We all know how the minefield that is television is littered with the bodies of various flops, bombs, disasters, and other fiascos. Their tombstones are inscribed with various synonyms for failure: Turn-On. The Tammy Grimes Show. Flesh and Blood. Now it's time to add to that dubious pantheon one of the most infamous of them all: The Jerry Lewis Show. And it falls to Richard Gehman to write the obituary, even though the body, while moribund, is still breathing.
The Jerry Lewis Show was the result of a bidding war among all three networks, and came on the heels of some very well-received specials over the years, as well as a successful stint as guest host on The Tonight Show in that interim period between the departure of Jack Paar and the arrival of Johnny Carson. As befits the stature of one of the biggest stars in the business, The Jerry Lewis Show was big: two hours long, telecast live each Saturday, from the newly-renamed and refurbished Jerry Lewis Theater (at a cost of $1,000,000). ABC was spending, chairman Leonard Goldenson said, "more money than we own" on the show. And people were excited; "Everybody's rooting for Lewis," said Jack Elliott, music director for the Edie Adams show. "Everybody wants him to make it."

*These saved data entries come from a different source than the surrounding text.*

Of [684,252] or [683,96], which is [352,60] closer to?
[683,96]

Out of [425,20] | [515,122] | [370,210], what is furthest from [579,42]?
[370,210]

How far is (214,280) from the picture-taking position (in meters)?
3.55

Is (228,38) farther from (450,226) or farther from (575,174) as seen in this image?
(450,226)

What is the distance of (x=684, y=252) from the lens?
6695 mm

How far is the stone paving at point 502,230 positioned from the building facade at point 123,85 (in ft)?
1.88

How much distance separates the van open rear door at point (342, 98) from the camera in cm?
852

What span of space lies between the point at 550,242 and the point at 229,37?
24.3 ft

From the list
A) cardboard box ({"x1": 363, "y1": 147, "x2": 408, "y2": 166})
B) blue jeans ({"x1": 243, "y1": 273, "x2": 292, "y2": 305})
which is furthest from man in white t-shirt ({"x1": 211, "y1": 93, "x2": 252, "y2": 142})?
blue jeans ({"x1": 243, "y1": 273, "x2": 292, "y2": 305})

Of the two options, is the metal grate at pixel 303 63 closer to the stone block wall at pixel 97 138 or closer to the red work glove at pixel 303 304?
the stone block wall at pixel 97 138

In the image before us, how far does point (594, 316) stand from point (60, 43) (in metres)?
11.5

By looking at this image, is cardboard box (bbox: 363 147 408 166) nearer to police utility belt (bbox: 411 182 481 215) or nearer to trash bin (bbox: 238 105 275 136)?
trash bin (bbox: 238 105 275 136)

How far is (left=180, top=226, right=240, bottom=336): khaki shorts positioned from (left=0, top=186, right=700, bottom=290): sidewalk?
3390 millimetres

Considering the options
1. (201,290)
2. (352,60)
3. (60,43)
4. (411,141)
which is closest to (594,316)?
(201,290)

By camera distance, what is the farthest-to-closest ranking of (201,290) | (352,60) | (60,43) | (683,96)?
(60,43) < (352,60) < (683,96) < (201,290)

But now, only seven weeks into its run, the show is in Big Trouble, with a captial T that, if it doesn't rhyme with R, can best be summarized with the word ratings. It has fallen into third place for the night, trailing both NBC's Saturday Night at the Movies and CBS's venerable Western duo of Have Gun, Will Travel and Gunsmoke. The critics are using harsh words to describe the show's star: "egocentric" and "boor." ABC's president, Tom Moore, will only say that "We are committed to The Jerry Lewis Show for 40 weeks." The whispering in the industry is that "Jerry Lewis, LIVE from Hollywood, soon would be DEAD from Hollywood." And the question that everyone's asking: what happened?
According to Gehman, the problems are varied, but insiders point to one overriding conern: nobody really knew what Lewis wanted out of the show, what his vision was. It was as if he was completely detached from the project: unavailable for consultation with the network on guest stars, working on the script for his next movie instead of damage control on the show, opening for a week in Las Vegas in November. The problem, says Gehman, isn't confusion as much as it is a "complete lack of communication."

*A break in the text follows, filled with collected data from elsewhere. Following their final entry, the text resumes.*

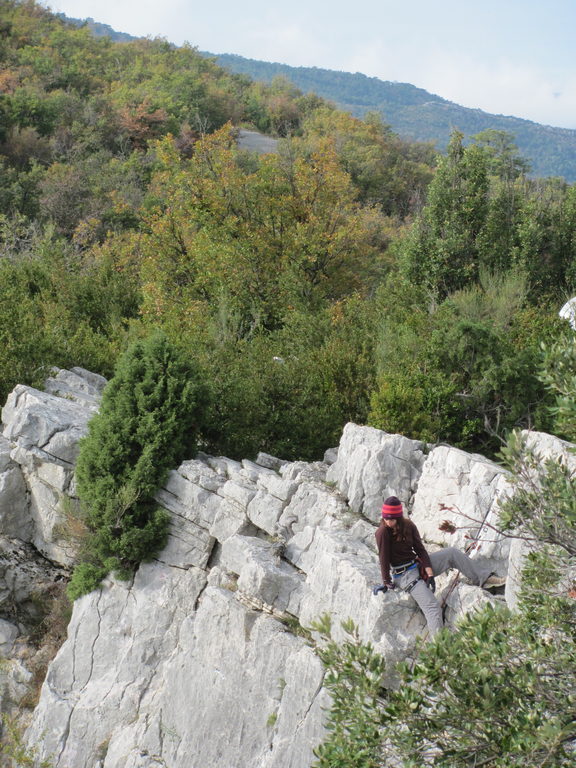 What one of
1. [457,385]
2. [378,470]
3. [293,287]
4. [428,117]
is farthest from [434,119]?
[378,470]

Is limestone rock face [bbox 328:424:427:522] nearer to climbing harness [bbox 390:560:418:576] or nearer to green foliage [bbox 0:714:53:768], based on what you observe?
climbing harness [bbox 390:560:418:576]

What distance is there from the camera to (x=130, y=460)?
1148 centimetres

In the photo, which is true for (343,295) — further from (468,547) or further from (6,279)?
(468,547)

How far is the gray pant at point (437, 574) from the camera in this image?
7891mm

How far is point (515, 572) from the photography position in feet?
25.2

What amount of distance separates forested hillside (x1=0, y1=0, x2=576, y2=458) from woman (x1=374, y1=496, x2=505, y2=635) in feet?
5.62

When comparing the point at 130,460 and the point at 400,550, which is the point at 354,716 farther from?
the point at 130,460

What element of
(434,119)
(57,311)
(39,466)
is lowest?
(39,466)

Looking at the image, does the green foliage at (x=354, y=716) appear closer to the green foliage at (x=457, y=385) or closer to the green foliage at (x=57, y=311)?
the green foliage at (x=457, y=385)

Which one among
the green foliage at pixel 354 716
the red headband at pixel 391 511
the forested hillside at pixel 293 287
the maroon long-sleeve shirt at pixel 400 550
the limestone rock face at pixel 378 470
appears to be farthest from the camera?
the forested hillside at pixel 293 287

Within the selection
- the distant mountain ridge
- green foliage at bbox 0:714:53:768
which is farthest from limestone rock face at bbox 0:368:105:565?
the distant mountain ridge

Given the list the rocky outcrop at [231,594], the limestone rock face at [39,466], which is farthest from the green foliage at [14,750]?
the limestone rock face at [39,466]

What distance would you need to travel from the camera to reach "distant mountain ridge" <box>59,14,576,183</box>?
128 metres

Opening night didn't help. Lewis was nervous—"terribly nervous"—and things were only made worse when the huge screen above the stage stopped working, which meant most of the people in the theater couldn't see him. Cameramen lost communications with the control room. The red lights on the cameras went off, meaning nobody on stage knew which one to face. Commercials came and went without warning, or at the wrong time. Lewis, "a fearfully nervous persormer [whose] apparent ego masks a frightened and inescure little boy," hates surprises, and opening night was filled with them. He looked awkward, and the audience didn't understand some of his comments. Things went downhill from there. (You can see the opening to that show here.)
Gehman had been given unusual access to Lewis; the next year, he would write a biography of Lewis, That Kid, that, some said, caused Lewis to regret having given him that access. When it came to the show, however, Gehman found it difficult to get him to talk about things. He was more interested in talking metaphysically about God ("I think He sits up there in a big chair going har-har-har at all of us. I think He looks like Kriss Kringle. And I think He's makin' all of us do all this as a kind of audition.") and shrugs off press criticism ("The minute the critics are for me, I know I'm in trouble.").
Which leaves it up to Gehman to analyze the failure, the first one that Lewis has had since a brief radio venture with Dean Martin that was almost immediately followed up by a successful turn into television. Lewis, Gehman says, is "a man whose deepest basic motivion—he once said to me—is fear." It may be, Gehman thinks, that "hurt and fear" have kept him detached. It may be that we was so cocky he didn't take into account how difficult two hours of live television each week could be, that he just had to "show up." It could be that, like his friend Frank Sinatra with his own ill-fated ABC series a few years ago, he had contempt for the television audience. All anyone knows is that when his press agent, Jack Keller, asked if there was anything he could do for Jerry, Lewis replied "Yeah—get me off this show."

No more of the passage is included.